A good monitoring program needs to be clear about the question/s being asked as this will inform decisions about what data to collect, the experimental design to underpin data collection, and the likely cost of the program (Lindenmayer & Likens, 2018). For example, an important contrast between the Natural Heritage Trust and the Environmental Stewardship programs described above may have been the formulation of measurable objectives in the latter, but not the former. Where goals and objectives are poorly conceptualized, monitoring may be poorly anchored, limiting the ability to measure progress (McDonald-Madden et al., 2010).

A related problem is that in some cases, although questions are posed, they are framed too broadly or are imprecise (e.g. Are we conserving biodiversity?), and this precludes developing and then establishing monitoring programs that can effectively answer such questions. Good questions can be relatively simple, such as: Is a population at a particular site increasing? Is a particular management action such as weed control reducing the impact of weeds on species of interest? or Is a target species doing better at sites that are being managed compared to sites that are not? For example: Is placing more woody debris along creeks leading to an increase in the number of frogs compared to places where debris are not being added?
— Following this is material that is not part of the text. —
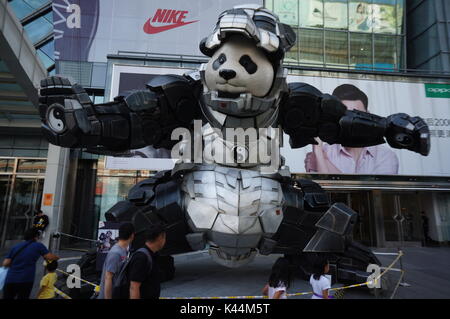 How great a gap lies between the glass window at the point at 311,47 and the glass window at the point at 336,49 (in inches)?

Monitoring should address questions that are management-relevant, that can improve management decisions and actions if answered, and that can provide rigorous evidence of the effect of management interventions. In a sobering example, Russell-Smith et al. (2003) lamented the fact that although a major, large-scale fire experiment in Australia’s Northern Territory produced interesting findings, they were of limited practical use because they did not relate well to the kinds of fire management typically applied in their study region. Conversely, there may be instances where a well-designed experiment may answer a given question far more efficiently than monitoring. A good example is the discovery of the ozone hole in Antarctica through a well-designed, question-driven experiment rather than detailed monitoring of many variables (Shanklin, 2010).

The key questions being addressed in a monitoring program may need to change over time, especially given the rate and magnitude of change currently being experienced in ecosystems worldwide, and the diversity and interaction of the factors driving change. In these cases, an adaptive monitoring approach (Lindenmayer & Likens, 2009) can be employed to help reshape monitoring programs to address new questions, without breaching the integrity of long-term datasets. In other cases, an existing monitoring program may need to be terminated and a new one commenced if more important new questions cannot be answered (but see “#5. Never change the way you monitor something part way through without ensuring new methods can be calibrated with the old ones”).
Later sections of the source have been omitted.